I like radio advertising people. I revere them. I am in awe of them. I can’t imagine doing what they do, or how they stand up to the pressures and demands of what they have to do.
I have worked fulltime in radio for about 25 years, at three stations in three very different markets – Rochester and Syracuse, New York, and Salt Lake City, Utah. In each of these settings, there have been dozens of ad sales people. Their personalities and ethics, and the dynamics of the business communities and management structures in which they have had to work, have been all over the board.
My interactions with them have also varied. From free intermingling on a daily basis, to annual handshakes at the Christmas party. Some have been personal mentors and friends, others have been nameless strangers.
Lunches with Salt Lake advertising colleagues explained to me the nature of commerce and commercial interests in that thriving market, and the history and intrigues of its radio industry.

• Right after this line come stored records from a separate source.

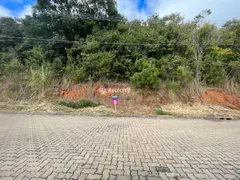 Terreno / Lote / Condomínio à venda, 254m² no Santo Antão, Bento Gonçalves - Foto 6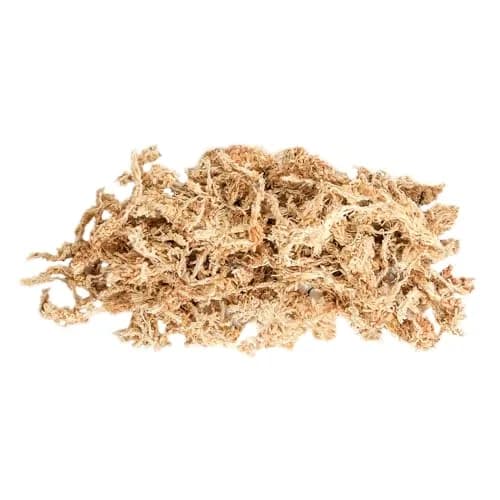 SuperMoss Premium Grade Long Fiber Sphagnum Moss 5.26 kg (11.6 lb) Grower Bale | Superior Water Retention for Orchids and Nursery Plants thumbnail 6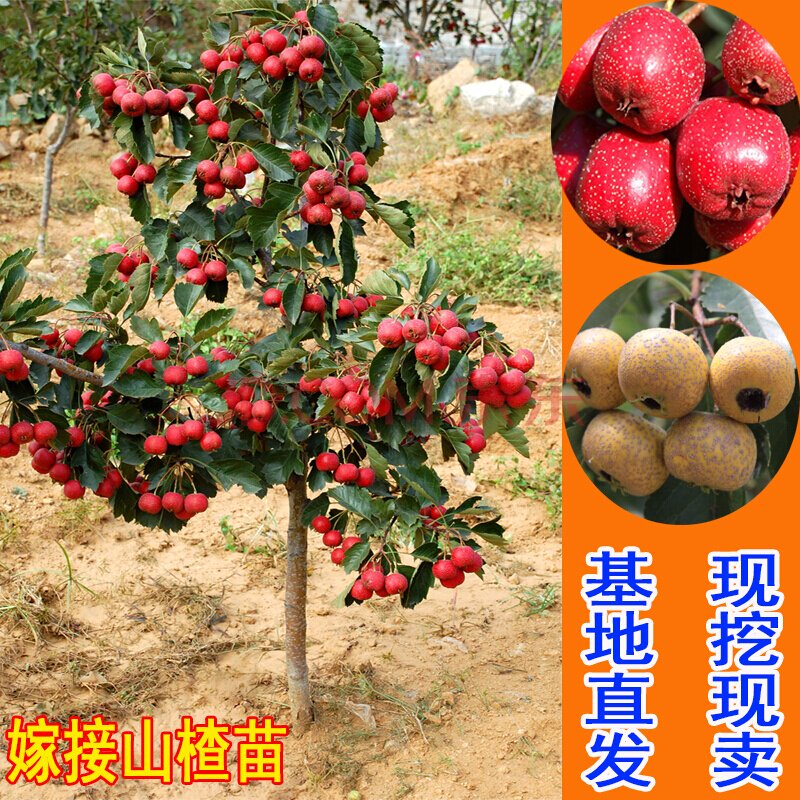 山楂树活苗嫁接盆栽地栽大金星甜红子山楂苗南方北方种植山楂树苗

Years of conversations and shared efforts with a small handful of Rochester sales people taught me the heart-warming power radio can give you to prosper a sponsor’s business and swell its receipts and payroll.
I have sat with ad sales people and formulated plans to keep a business in business, and how to make a community or neighborhood more visible and vibrant. I have learned compassion and competitiveness in league with coworkers whose job it was to sell advertising time.
There have been thousands of conversations over a generation of time.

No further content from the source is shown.